Uzay teleskoplarının çektiği fotoğraflar her ne kadar bize yepyeni bilgiler sunsa da, artık birbirinin aynısı gibi görünüyor. Ancak bu fotoğraf işleri değiştirmişe benziyor.
Evrende o kadar dev cisimler var ki, özellikle de galaksi kümeleri, uzayı bükebiliyorlar. Adeta bir yatağın üzerine atılmış bovling topu gibi bu dev kütleli cisimler, kozmik boyutta bir “lens” görevi görüyor. NASA bunu şöyle açıklıyor: “Uzay-zamanda oluşan bu ‘eğimi’ takip eden ışık, düz bir çizgi yerine eğik bir yönü takip ediyor ve nesnenin arkasındaki görüntüyü bozuyor ve aydınlatıyor.”
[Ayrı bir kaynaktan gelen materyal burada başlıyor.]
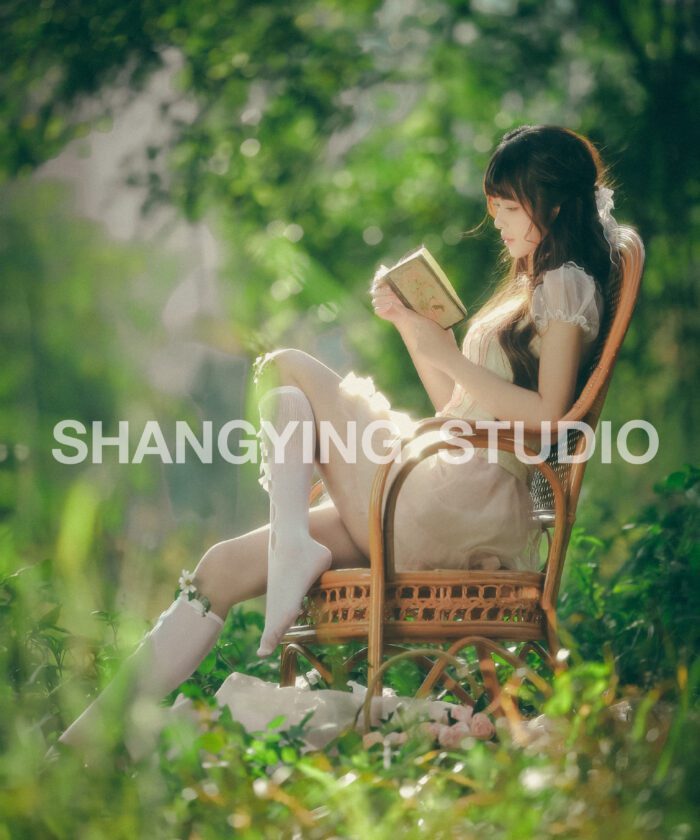 27 Preset & LUT "Forest Girl" – Tone Xanh Rừng, Nhẹ Nhàng & Cổ Điển (XMP/CUBE)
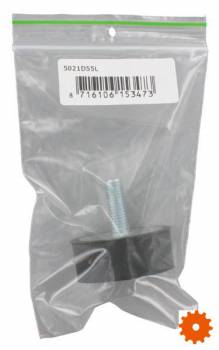 Trillingsdemper Type D - 5021D55L 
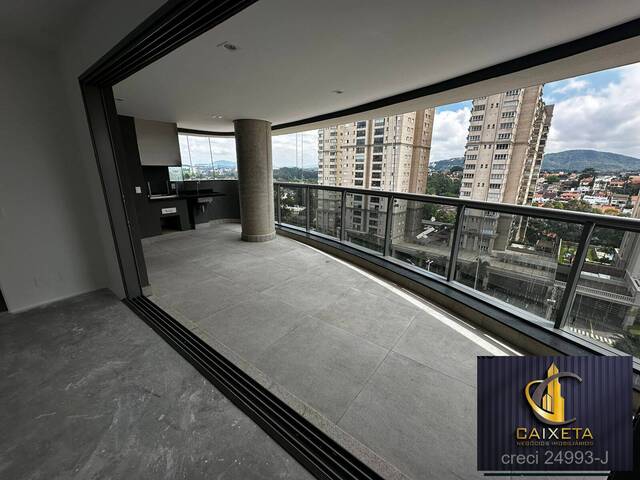Apartamento para Venda em Sítio Tamboré Alphaville - 15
Dünya’dan yaklaşık 1.6 milyon kilometre ötede yörüngede bulunan güçlü James Webb Uzay Teleskobu’nun çektiği yeni bir görüntü, bu bahsi geçen etkiyle görüntüsü bozulmuş bir galaksiyi gösteriyor. “Çekimsel lensleme” adı verilen bu etki, geçtiğimiz yüzyıl Albert Einstein tarafından da öngörülmüştü.
Aşağıda bulunan JWST’nin çektiği görüntü, bazısı kendi galaksimiz Samanyolu gibi spiral şekilde olan birçok galaksiyi gösteriyor. Görüntünün sağında yer alan ise 10 milyar ışık yılı ötedeki, görüntüsü yamulmuş ve uzamış olan MRG-M0138’i gösteriyor. Normalde bu kadar uzakta -ve haliyle oldukça eski, çünkü uzaydaki cisimler ne kadar uzaktaysa o kadar eskiler- olan galaksiler, oldukça sönük görünüyorlar. Ancak doğal şekilde oluşan kozmik lens sayesinde bu galaksinin ışığı daha güçlü bir şekilde teleskoba ulaşıyor. Bu ışığı artmış alanda bir sürpriz de görünüyor. Görüntüsü esnemiş olan bu galaksiye yakından bakıldığında süpernova olarak adlandırılan, patlamış bir yıldızın ışığı da görünüyor. Araştırmacıların adını “Supernova Encore” verdiği patlamış yıldız, devasa çekimsel lens sayesinde fotoğrafta çemberle belirtilmiş yerlerde birden çok sefer görünüyor.
Daha da ilginç olanı, astronomlar bu lensin, aynı süpernovanın bir başka kopya görüntüsünü, 2030’lu yıllarda belirmesini bekliyor. Bu oldukça değerli ve nadir olay, astronomların evrenin ne kadar hızla genişlediğini ölçmeleri için büyük bir fırsat olarak nitelendiriliyor.
Uzay Teleskobu Bilim Enstitüsü’nden NASA Einstein Araştırmacısı Justin Pierel ve Carnegie Bilim Enstitüsü Gözlemevleri’nden astronom Andrew Newman, NASA açıklamasında şunları söyledi: “Çekimsel bir lensin arkasında kalan bir süpernova patladığında, ışığı Dünya’ya birden fazla yolu takip ederek ulaşır. Bu yolları, aynı anda istasyondan ayrılan birden çok trene benzetebiliriz. Hepsi aynı hızda ve aynı yöne doğru ilerler. Her tren farklı bir yol izler, ancak yolun uzunluğu ve karşılaşılan engeller yüzünden her biri farklı sürelerde hedefine ulaşır. Süpernova görüntüsünün belirdiği zamanlar arasındaki farkları ölçerek, Hubble sabiti olarak bilinen evrenin genişleme oranını ölçebiliriz. Bu da günümüz kozmolojisinin önemli bir problemi.”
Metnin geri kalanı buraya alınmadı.